Wednesday, June 19, 2024

Gisborne scientist takes woody debris expertise to world stage

Principal Scientist at Gisborne District Council, Dr Murry Cave, is set to share his groundbreaking research on the impacts of Cyclone Gabrielle and the role of Large Woody Debris (LWD) in Tairāwhiti at the 5th International Wood in World Rivers Conference in Gaspe, Quebec.

Dr Cave’s (pictured) work first gained international attention after a presentation at the New Zealand Rivers Conference in late 2023.

Professor Ian Rutherford from the University of Melbourne was in the audience and says he was particularly struck by the significance of LWD during cyclones Hale and Gabrielle – including the loss and damage to bridges, community impact, and the tragic death of a young boy on Waikanae Beach after Cyclone Hale.

“Professor Rutherford felt this story needed to be told to an international audience and I was invited to present two papers at the conference,” says Dr Cave.

The first will delve into the impact of LWD on Tairāwhiti, while the second outlines a novel methodology for determining the relative contribution of various woody types to LWD in NZ.

Dr Cave says he developed the methodology after Cyclone Cook in 2017, which left a trail of woody debris from the forests to the sea, particularly in Ūawa and Tolaga Bay Beach.

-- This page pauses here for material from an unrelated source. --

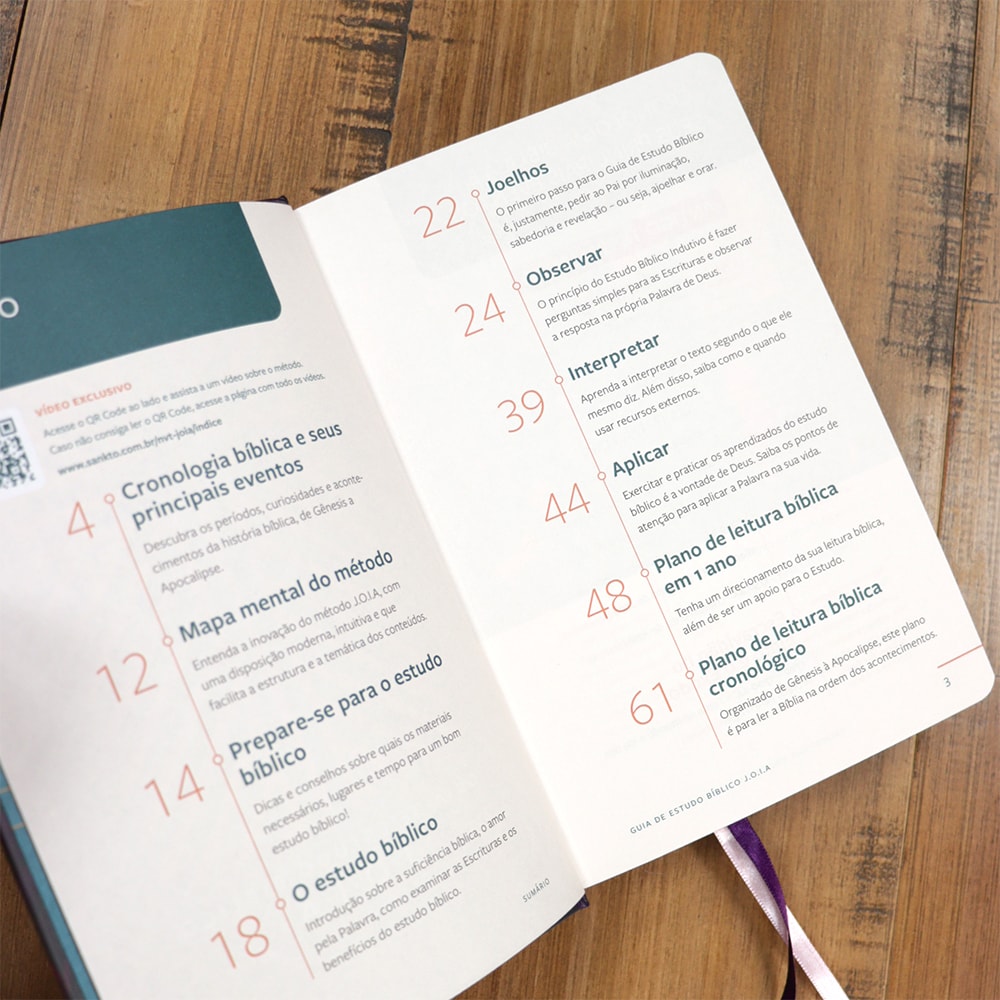 Bíblia Sagrada | Com Guia De Estudo Biblico JOIA | NVT | Letra Normal | Capa Floral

In addition to the conference, Dr Cave plans to visit the British Columbia Ministry of Forestry and the Forest Protection Agency and look at a forest land debris flow predictor tool developed by a major British Columbia geotechnical engineering consultancy on his way to Quebec.

“There is a lot we can learn from the British Columbia experience. In particular, the parallels between Canada’s First Nations role in forestry and the role of Whenua Maori in Tairāwhiti,” he says.

The 5th International Wood in World Rivers Conference will take place from June 10 – 14.

Dr Cave hopes his research can contribute significantly to the global understanding of LWD dynamics and its implications for river ecosystems.